The speed of absorption of paracetamol may be increased by metoclopramide or domperidone and absorption reduced by cholestyramine.

The anticoagulant effect of warfarin and other coumarins may be enhanced by prolonged regular daily use of paracetamol-containing products with increased risk of bleeding; occasional doses have no significant effect.

Concomitant administration of pseudoephedrine hydrochloride-containing products and MAOIs (or within two weeks of stopping of MAOI) may lead to hypertensive crisis.

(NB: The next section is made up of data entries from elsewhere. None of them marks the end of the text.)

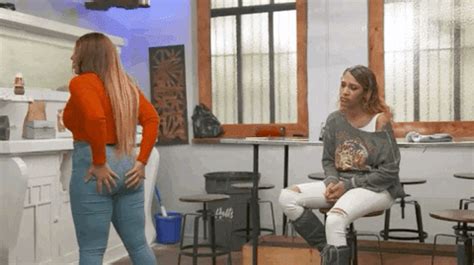 grabbing boobs gif|Grabbing Porn GIFs 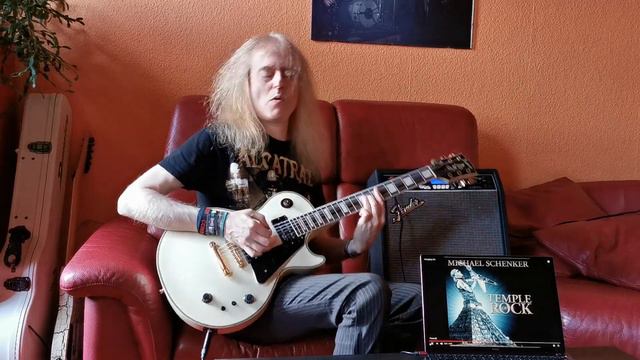 MSG Michael Schenker "Hanging On" Cover Burny Sustainer Fender G-Dec смотреть онлайн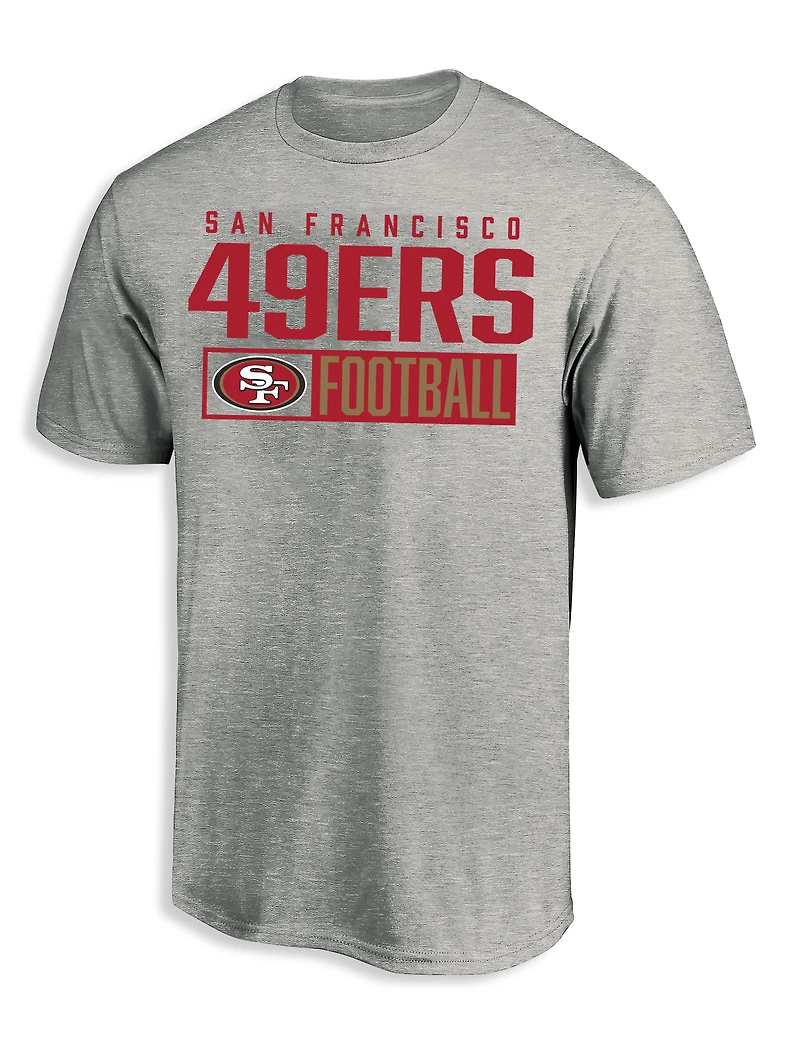 Team Heather Graphic Tee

Concomitant use of this medication with sympathomimetic agents (such as decongestants, appetite suppressants and amphetamine-like psychostimulants) which interfere with the catabolism of sympathomimetic amines, may occasionally cause a rise in blood pressure. Pseudoephedrine-containing products may antagonise the effect of certain classes of antihypertensives (e.g. beta blockers, methyl-dopa, reserpine, debrisoquine guanethidine) and increase the possibility of arrhythmias in digitalised patients.

Pholcodine may enhance the sedative effects of central nervous system depressants including alcohol, barbiturates, hypnotics, narcotic analgesics, sedatives and tranquillizers (phenothiazines and tricyclic antidepressants).

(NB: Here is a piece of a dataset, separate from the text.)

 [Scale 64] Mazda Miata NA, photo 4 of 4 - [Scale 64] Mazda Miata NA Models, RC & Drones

Pholcodine may predispose patients to developing anaphylaxis with neuromuscular blocking agents.

4.6 Fertility, pregnancy and lactation


This product should not be used in pregnancy without medical advice.

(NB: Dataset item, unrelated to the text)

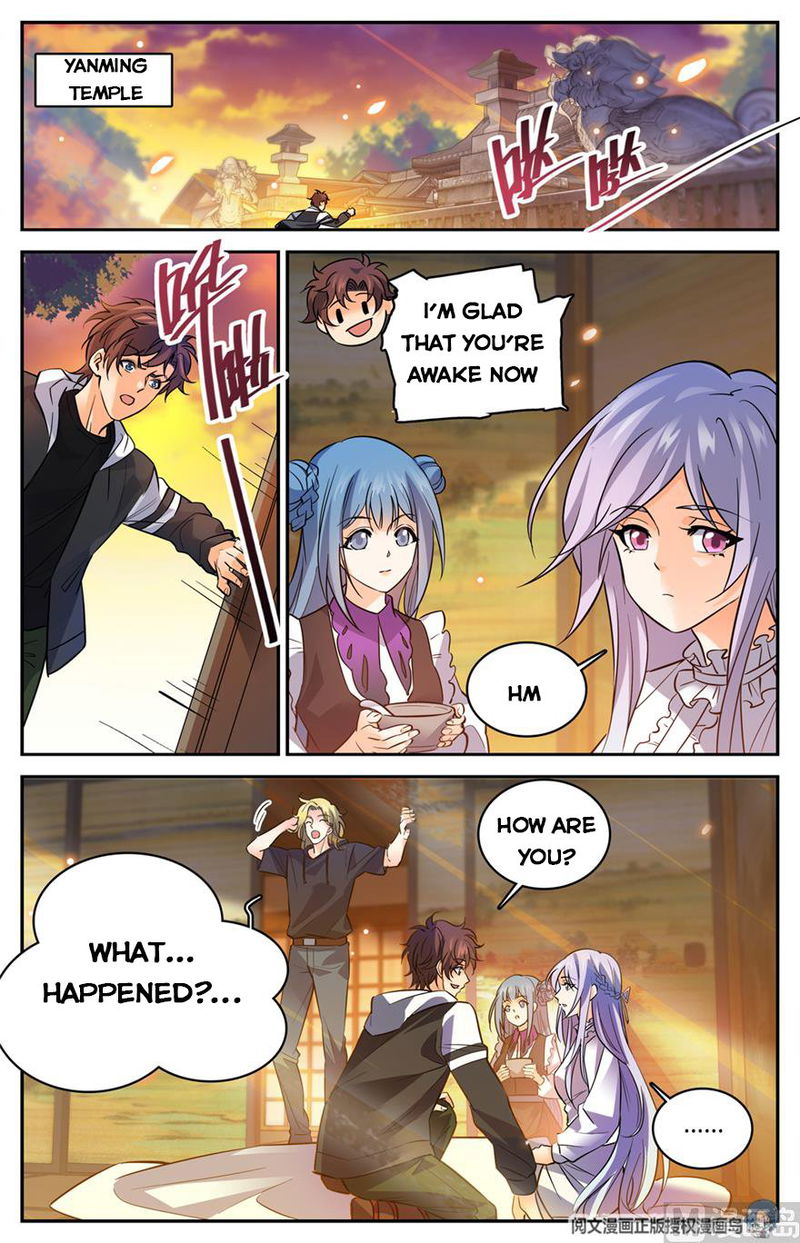 Versatile Mage Chapter 488 page 4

Human and animal studies with paracetamol have not identified any risk to pregnancy or embryo-foetal development. Safe use of pseudoephedrine and pholcodine in pregnancy has not been established despite widespread use over many years. Caution should therefore be exercised by balancing the potential benefit of treatment to the mother against any possible hazards to the developing foetus.


This product should not be used whilst breastfeeding without medical advice.

Although paracetamol is excreted in breast milk, human studies with paracetamol have not identified any risk to lactation or the breast-fed offspring.

Pseudoephedrine is excreted in breast m milk in small amounts but the effect of this on breast fed infants is unknown.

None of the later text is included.